Una de sus manifestaciones sucedió con la cátedra del Che, organizada por la agrupación estudiantil “El Mate” en la Facultad de Ciencias Sociales de la UBA, a partir de su masividad y posterior multiplicación por todo el país, en la cual comenzaban a asomarse elementos, que después se volverían norma, como la voluntad de saber y el protagonismo, pero sin intermediarios ni jefes:
“La hipótesis nuestra era que algo había que hacer, que había una crisis ideológica fuerte y se evidenciaba en que a 30 años de la muerte del Che no había nadie que pudiera dar una discusión sobre su experiencia. Iba a aparecer la efemérides en los diarios, pero el guevarismo no iba a tener ninguna expresión. Entonces fuimos a la embajada de Cuba, lo discutimos mucho con ellos un año antes y fuimos pensándolo y armándolo y nosotros nos pusimos a estudiar un montón. Era muy interesante, porque por un lado era auto formación y por el otro la construcción de un proyecto fuerte. Y eso fue un hallazgo, porque si hacíamos charlas como las que veníamos haciendo hubiera ido gente más vinculada a la izquierda o el activismo, pero con la Cátedra del Che, perforamos ese techo. Ese universo reducido.
La cátedra funcionaba los viernes a la noche como charla conferencia y los sábados a la mañana era el trabajo en taller en base a lo que se discutía el día anterior.
El día de la apertura el auditorio de Uriburu explotó y era un lugar enorme que no se llenaba nunca, y ese día se rompieron los vidrios de la gente que quería entrar y reventó todo de una manera muy interesante.
Lo más interesante para mí es que con la cátedra nosotros hicimos por primera vez una articulación que era necesaria en esa época. Por un lado, una cosa de discusión teórica, ideológica muy interesante en relación a la renovación del marxismo, el latinoamericanismo, la economía, e ir a ese plano no de una forma puramente simbólica, onda somos de izquierda porque somos solidarios y nos gusta la imagen del Che, sino que somos de izquierda porque tenemos una mirada teórica.

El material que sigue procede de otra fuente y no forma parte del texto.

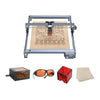 The Creality Falcon CR 5W Diode Laser Engraver showcases ultra-fine engraving on a wooden sheet with intricate patterns, displayed alongside orange safety glasses, a laser module, a red storage box, and extra wood sheets.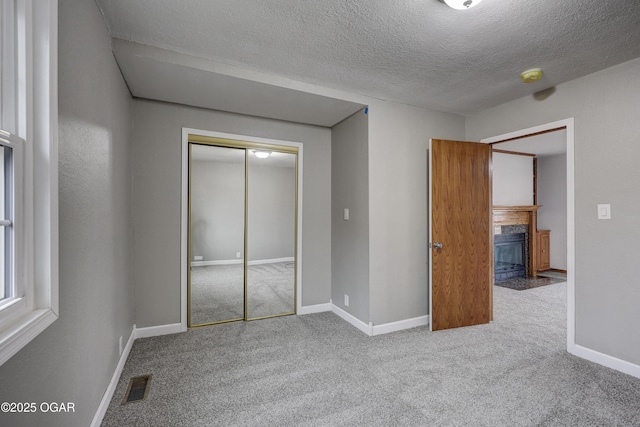 unfurnished bedroom with carpet, a textured ceiling, and a closet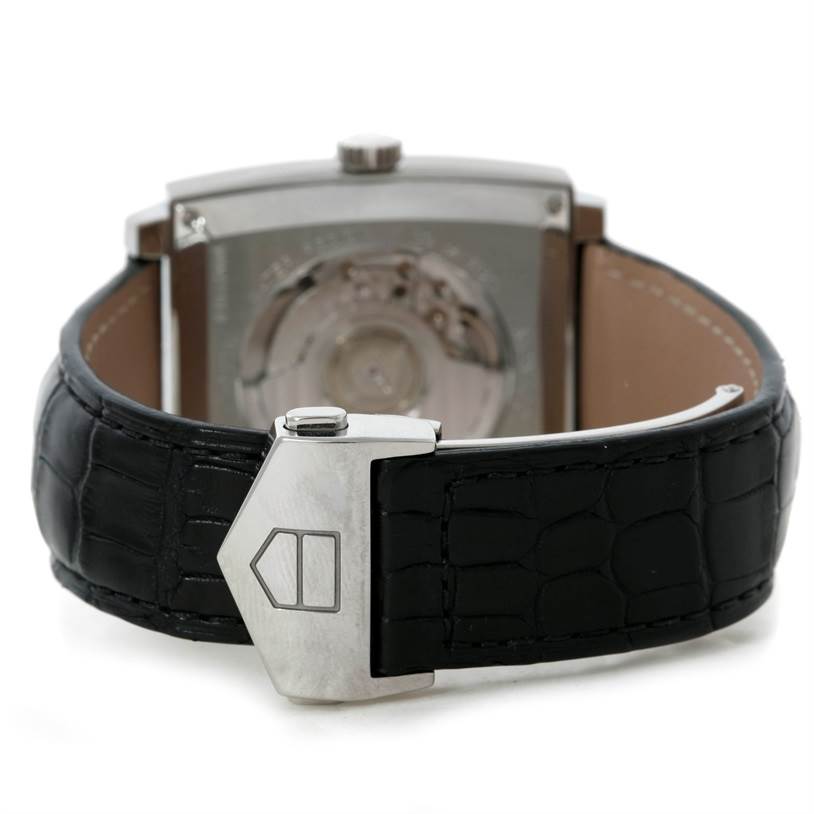 The image shows the back view of the Tag Heuer Monaco WW2110 Men's Stainless Steel Black Dial WW2110 Men's Stainless Steel Black Dial watch, focusing on the clasp, strap, and movement.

Por otro lado, era intentar hacer una convocatoria a ciertos cuadros políticos que estaban muy relegados para que pudieran recuperar su experiencia y aportar sus saberes y con un acuerdo tácito, que tenía que haber una nueva generación política y ustedes tienen que venir a bancar, no para que vengan a dirigir, sino para que vengan a aportar su experiencia”.[1]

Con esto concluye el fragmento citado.